5. What guidance he has issued to local authorities on the procedure for re-examination of the allocation of strategic development areas and major development areas under former regional spatial strategies. (8504)
The Government issued advice to local authorities on 6 July. Following the revocation of the regional spatial strategies, planning for major development areas is for local communities to determine, free from interference from unaccountable regional quangos. If local authorities wish to retain policies on strategic development areas, they are free to do so in their local plans.
I thank the Minister for his answer. As well as freeing local communities to make real decisions for themselves about where they live, will he also ensure that the time-wasting, box-ticking, intrusive and expensive, inspector-led and Government office-led compliance process that went with those central diktats, is also consigned to the dustbin?
My hon. Friend is absolutely right, and for the benefit of Members, I am today placing in the Library of the House two items. The first is the documents associated with the south-east regional plan, which consists of 3,000 pages and weighs 2 stone. That has been replaced by the second item, which consists of six pages of guidance weighing 1 oz. If anything encapsulates the difference between this Government’s approach and the previous Government’s approach, it is that we are freeing local authorities from that burden.
Does the Minister recognise that under the Planning and Compulsory Purchase Act 2004, the local development plan, by which all planning decisions in an area should be determined, is defined as comprising two elements: the local development framework and the regional spatial strategy, which have equal status. Removing one at a stroke, as the Government propose, leaves most people who think about this subject very fearful that the Government are creating a situation in which the local development plans will be unfit for purpose and there will be litigation and protracted delay, all of which will lead to the halting of necessary development. How do the Government justify that?

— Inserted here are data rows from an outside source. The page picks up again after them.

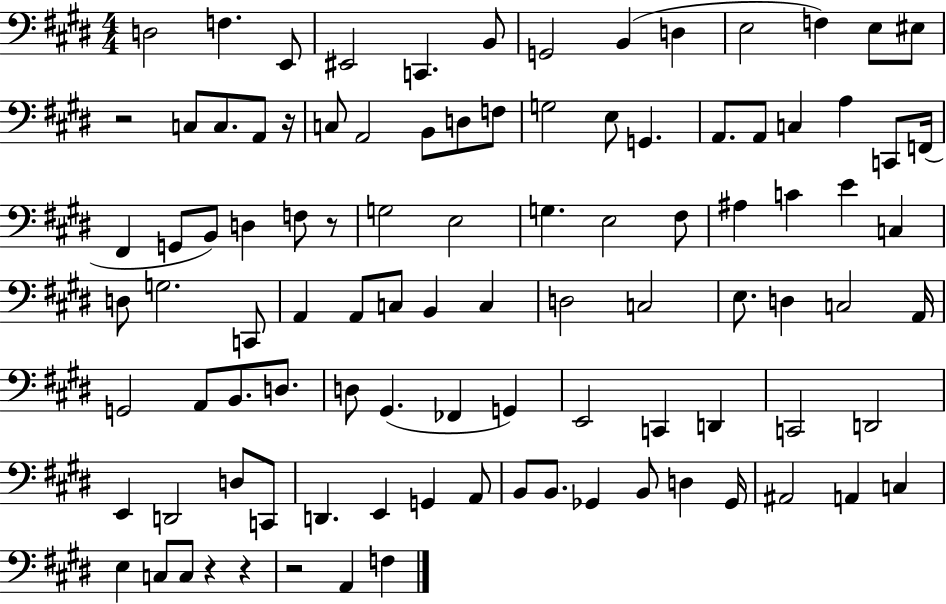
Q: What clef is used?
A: bass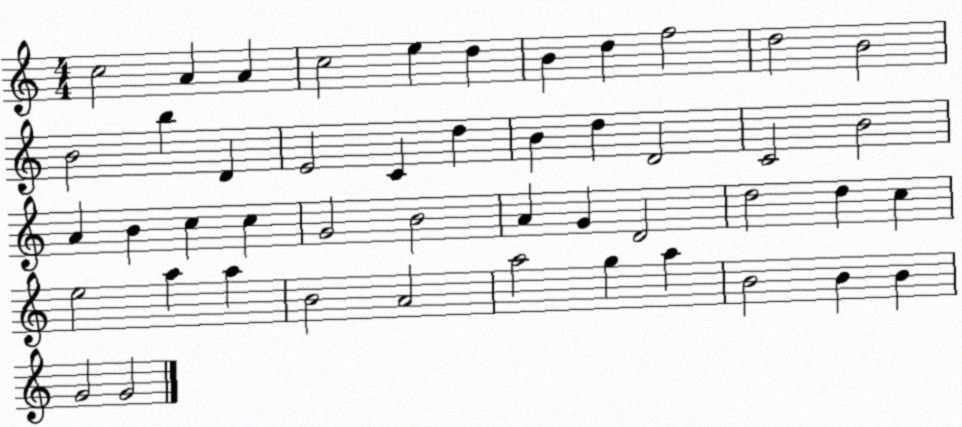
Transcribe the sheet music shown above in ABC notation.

X:1
T:Untitled
M:4/4
L:1/4
K:C
c2 A A c2 e d B d f2 d2 B2 B2 b D E2 C d B d D2 C2 B2 A B c c G2 B2 A G D2 d2 d c e2 a a B2 A2 a2 g a B2 B B G2 G2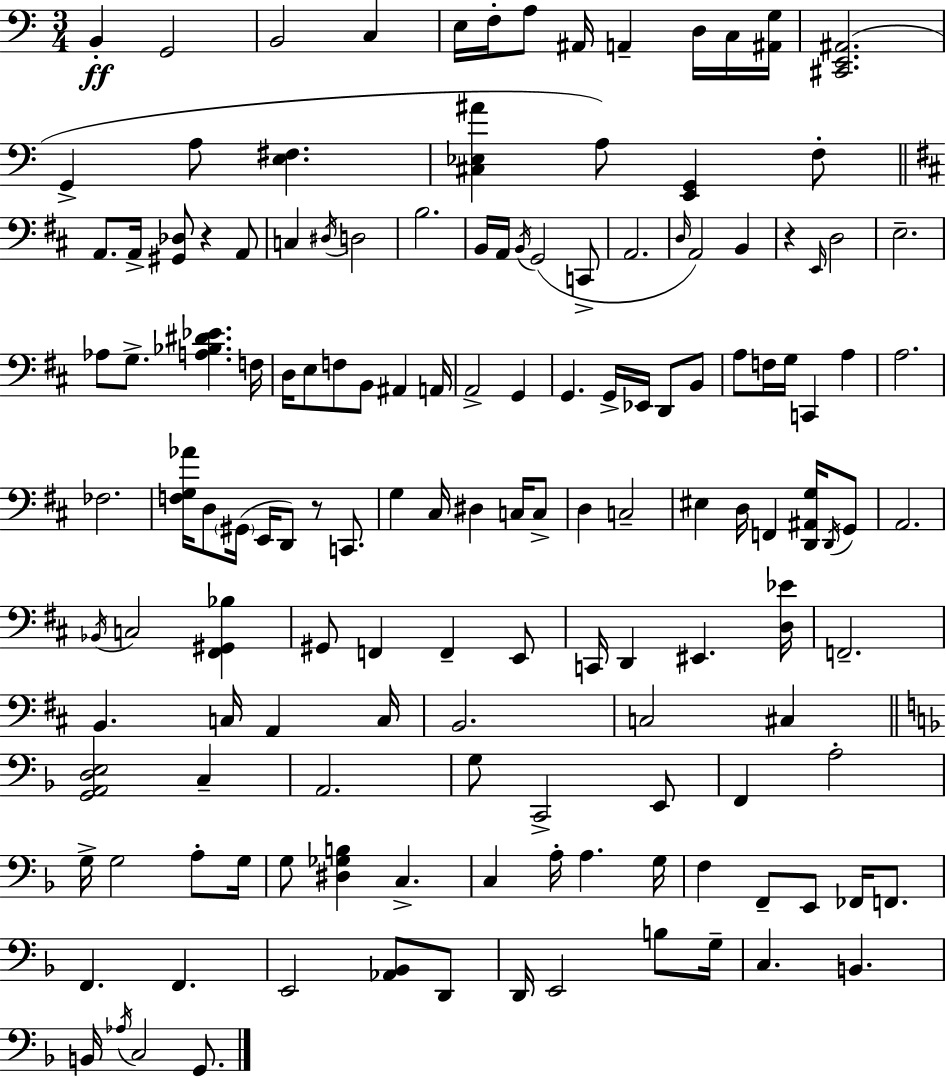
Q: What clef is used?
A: bass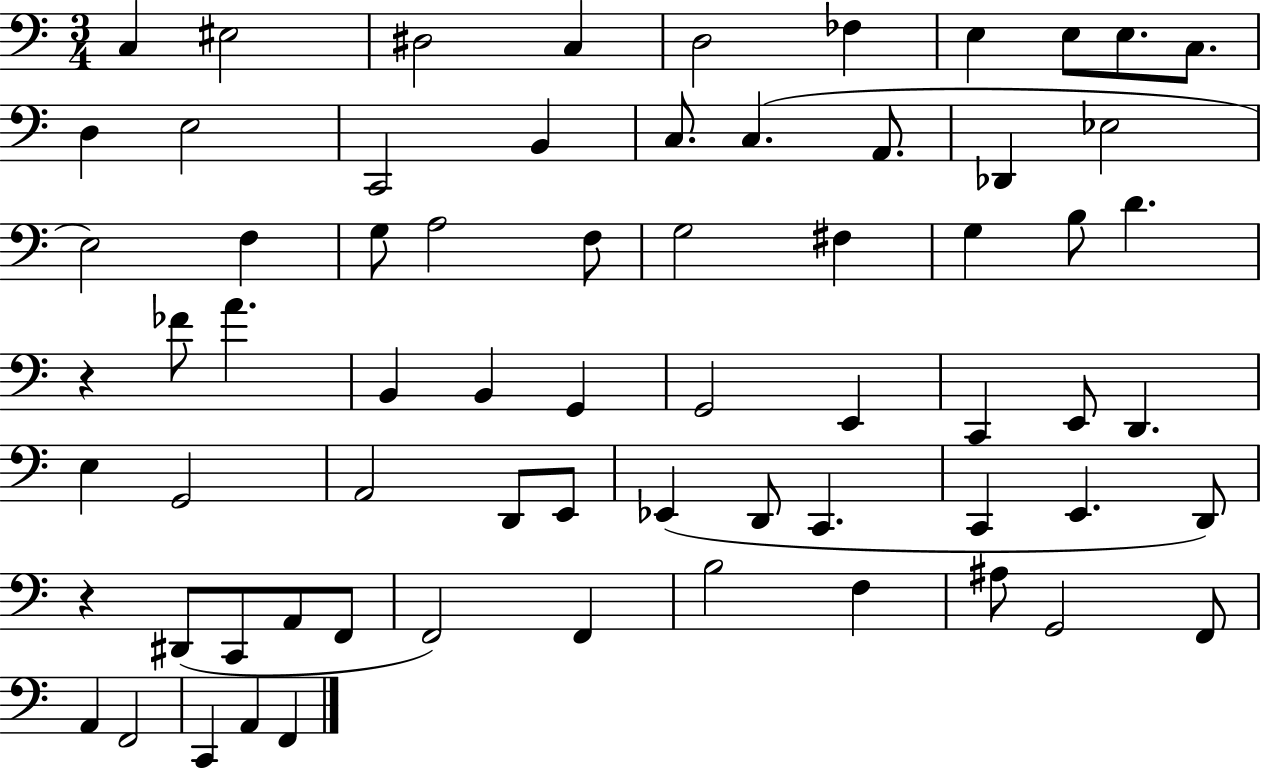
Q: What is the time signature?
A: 3/4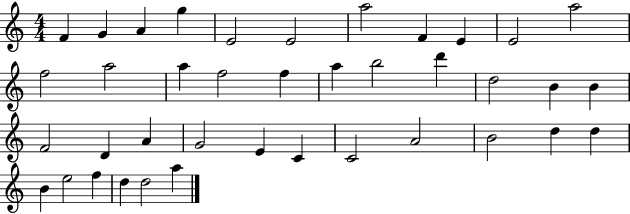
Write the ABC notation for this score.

X:1
T:Untitled
M:4/4
L:1/4
K:C
F G A g E2 E2 a2 F E E2 a2 f2 a2 a f2 f a b2 d' d2 B B F2 D A G2 E C C2 A2 B2 d d B e2 f d d2 a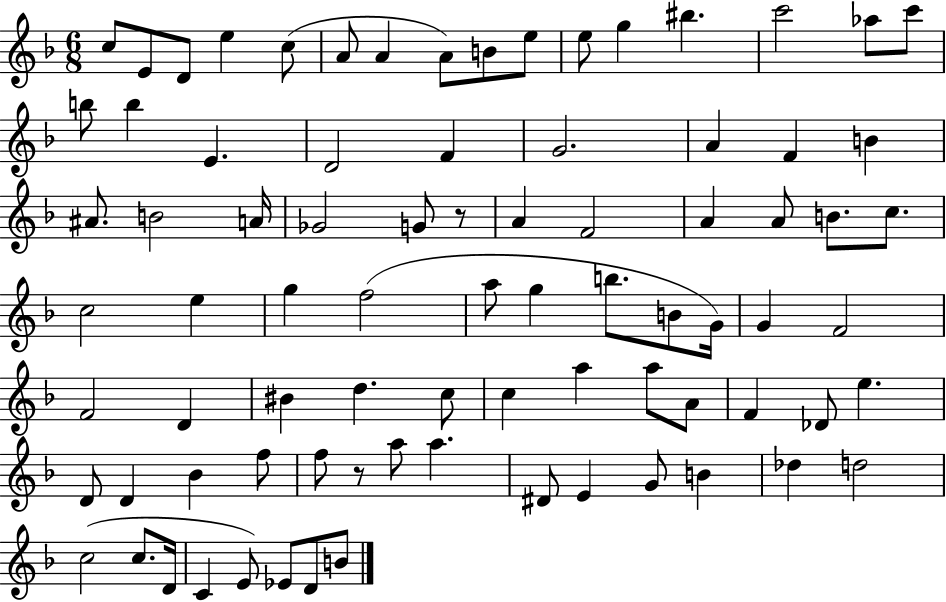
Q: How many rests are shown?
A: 2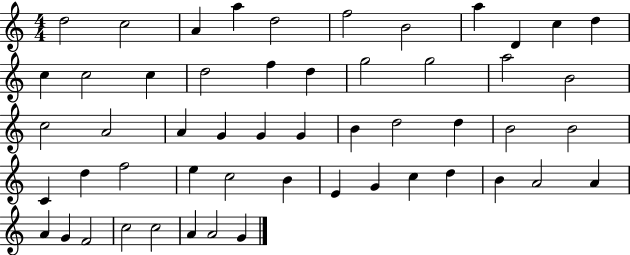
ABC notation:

X:1
T:Untitled
M:4/4
L:1/4
K:C
d2 c2 A a d2 f2 B2 a D c d c c2 c d2 f d g2 g2 a2 B2 c2 A2 A G G G B d2 d B2 B2 C d f2 e c2 B E G c d B A2 A A G F2 c2 c2 A A2 G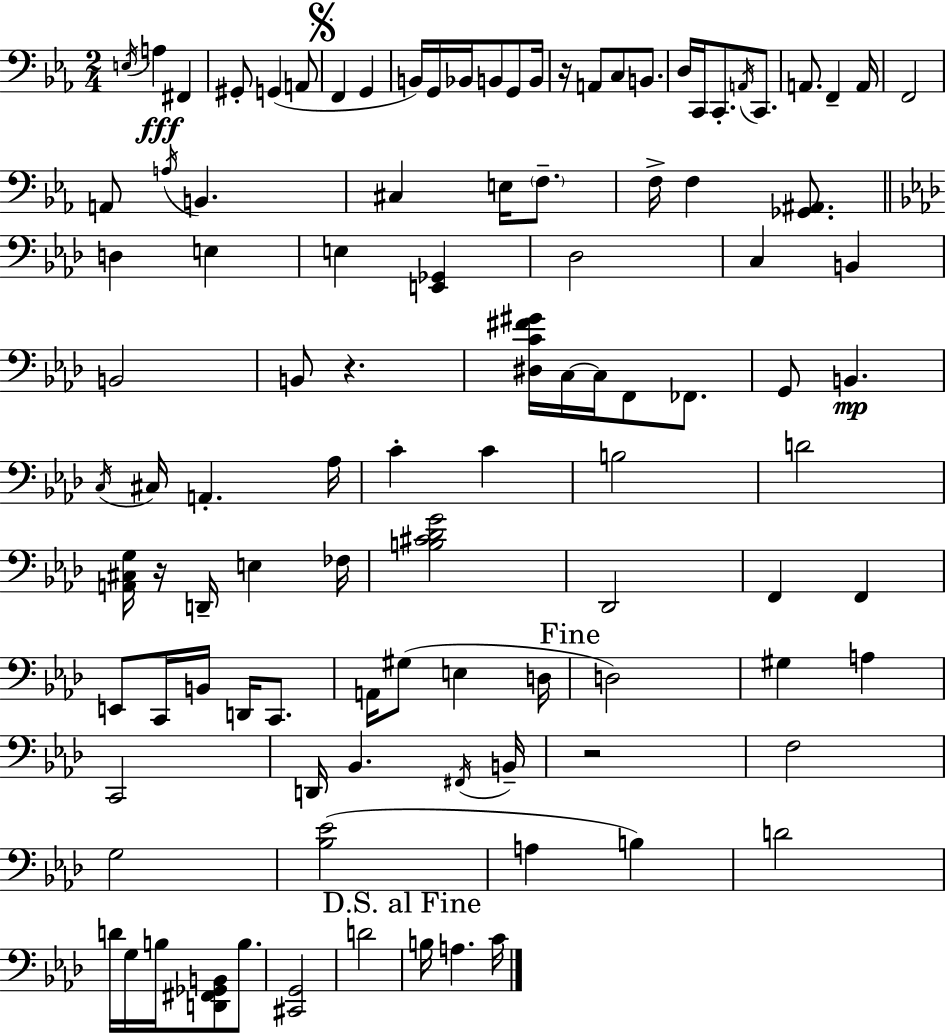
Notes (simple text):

E3/s A3/q F#2/q G#2/e G2/q A2/e F2/q G2/q B2/s G2/s Bb2/s B2/e G2/e B2/s R/s A2/e C3/e B2/e. D3/s C2/s C2/e. A2/s C2/e. A2/e. F2/q A2/s F2/h A2/e A3/s B2/q. C#3/q E3/s F3/e. F3/s F3/q [Gb2,A#2]/e. D3/q E3/q E3/q [E2,Gb2]/q Db3/h C3/q B2/q B2/h B2/e R/q. [D#3,C4,F#4,G#4]/s C3/s C3/s F2/e FES2/e. G2/e B2/q. C3/s C#3/s A2/q. Ab3/s C4/q C4/q B3/h D4/h [A2,C#3,G3]/s R/s D2/s E3/q FES3/s [B3,C#4,Db4,G4]/h Db2/h F2/q F2/q E2/e C2/s B2/s D2/s C2/e. A2/s G#3/e E3/q D3/s D3/h G#3/q A3/q C2/h D2/s Bb2/q. F#2/s B2/s R/h F3/h G3/h [Bb3,Eb4]/h A3/q B3/q D4/h D4/s G3/s B3/s [D2,F#2,Gb2,B2]/e B3/e. [C#2,G2]/h D4/h B3/s A3/q. C4/s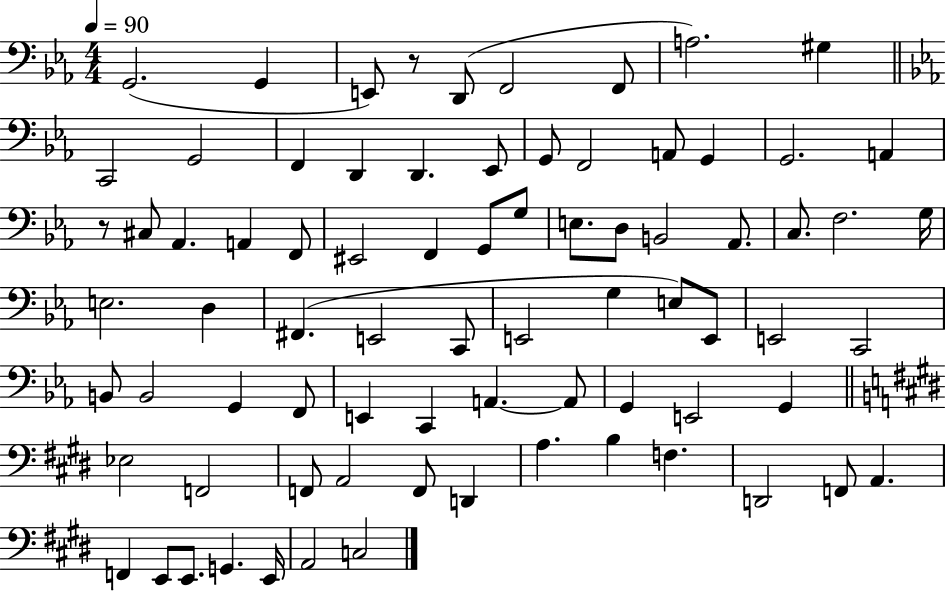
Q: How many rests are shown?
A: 2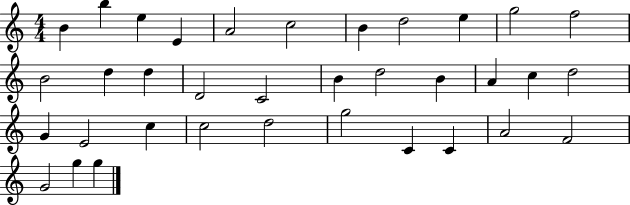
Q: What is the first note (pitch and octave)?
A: B4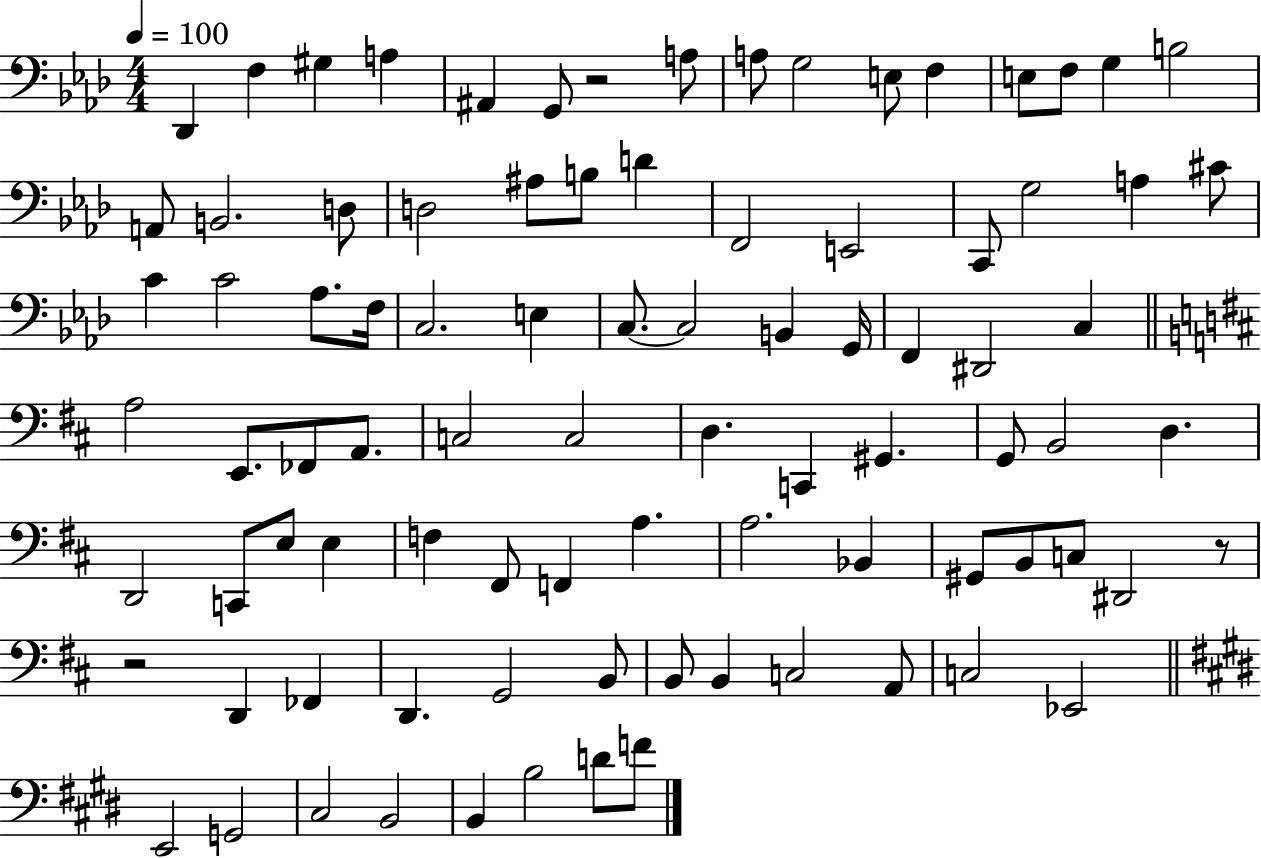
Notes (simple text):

Db2/q F3/q G#3/q A3/q A#2/q G2/e R/h A3/e A3/e G3/h E3/e F3/q E3/e F3/e G3/q B3/h A2/e B2/h. D3/e D3/h A#3/e B3/e D4/q F2/h E2/h C2/e G3/h A3/q C#4/e C4/q C4/h Ab3/e. F3/s C3/h. E3/q C3/e. C3/h B2/q G2/s F2/q D#2/h C3/q A3/h E2/e. FES2/e A2/e. C3/h C3/h D3/q. C2/q G#2/q. G2/e B2/h D3/q. D2/h C2/e E3/e E3/q F3/q F#2/e F2/q A3/q. A3/h. Bb2/q G#2/e B2/e C3/e D#2/h R/e R/h D2/q FES2/q D2/q. G2/h B2/e B2/e B2/q C3/h A2/e C3/h Eb2/h E2/h G2/h C#3/h B2/h B2/q B3/h D4/e F4/e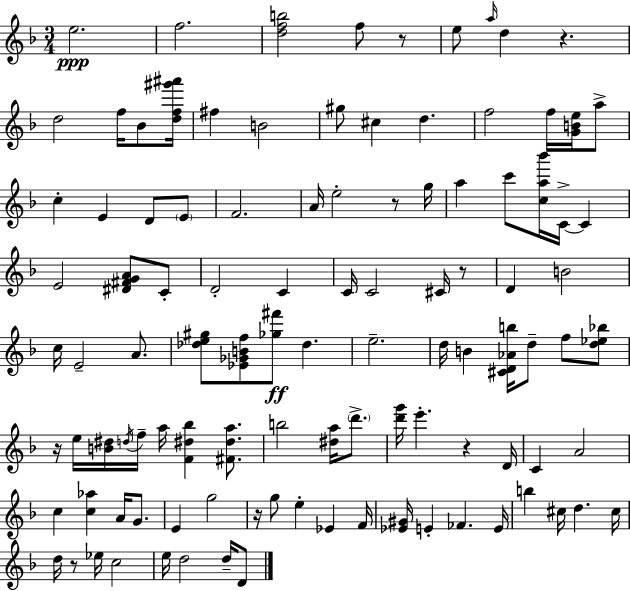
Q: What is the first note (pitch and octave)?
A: E5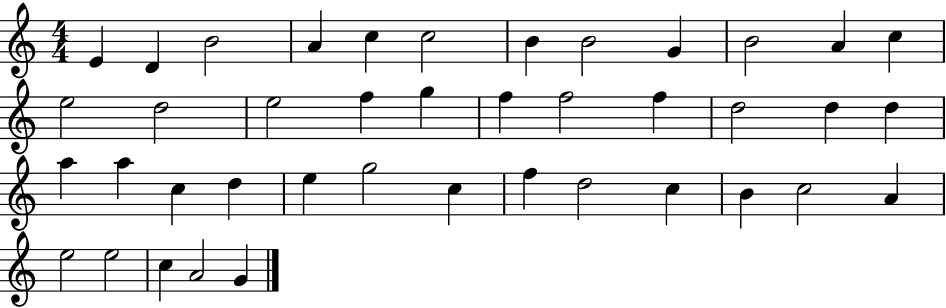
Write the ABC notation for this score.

X:1
T:Untitled
M:4/4
L:1/4
K:C
E D B2 A c c2 B B2 G B2 A c e2 d2 e2 f g f f2 f d2 d d a a c d e g2 c f d2 c B c2 A e2 e2 c A2 G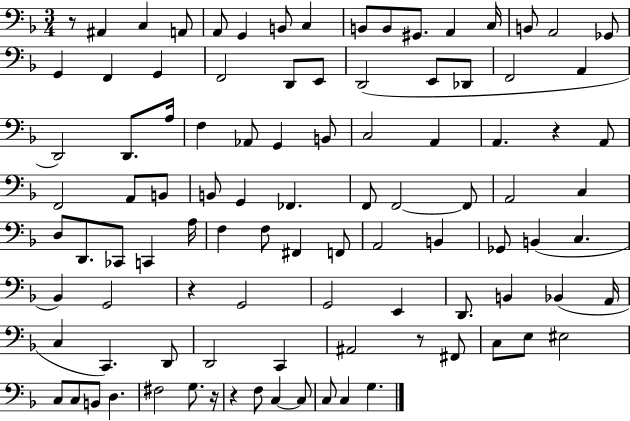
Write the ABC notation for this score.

The right hon. Gentleman is behind the times. The regional spatial strategies have been revoked: they are not about to be revoked, they are no more, they are dead, they no longer exist, they are ex-strategies. When it comes to spatial planning—[Interruption.] The strategies have been revoked under current legislation. It is entirely possible for progressive local authorities to co-operate, as they are, for example, in Essex, Manchester and Worcestershire, to ensure that cross-border issues are properly dealt with. That is exactly what they are doing.
I thank the Minister for that reply. Will he extend his guidance to planning inspectorates, so that emerging regional spatial strategies that have not yet been adopted, and indeed emerging core strategies that existed merely to comply with RSSs, are considered immaterial by inspectors?
I am pleased to confirm to my hon. Friend that we have indeed done that. It is worth pointing out that because of that great panoply of regulation and imposition, only 18% of authorities had actually adopted a regional strategy, years after they were first required.
I do not know whether the Minister is aware of or concerned about the damage that his changes to planning policies are already causing, but has he had the chance to read a well researched article in the Financial Times at the weekend, which showed that 7,500 houses in various schemes have already been cancelled as a result of those changes? Is it not the case that the Government’s policies are already proving damaging to the house building industry and bad for everyone in desperate need of a home?
I have great respect for the hon. Gentleman, who chairs the Communities and Local Government Committee, but I do not know where he has been for the past few years. He should know that the number of house completions has been at an historic low—the lowest since the second world war. Our intention is to increase house building by removing the imposition that sets people against development. It is a disastrous situation when people are against developments. By allowing people to create communities in the way that they want and to share in the economic benefits of that, we can take the poison out of the planning system.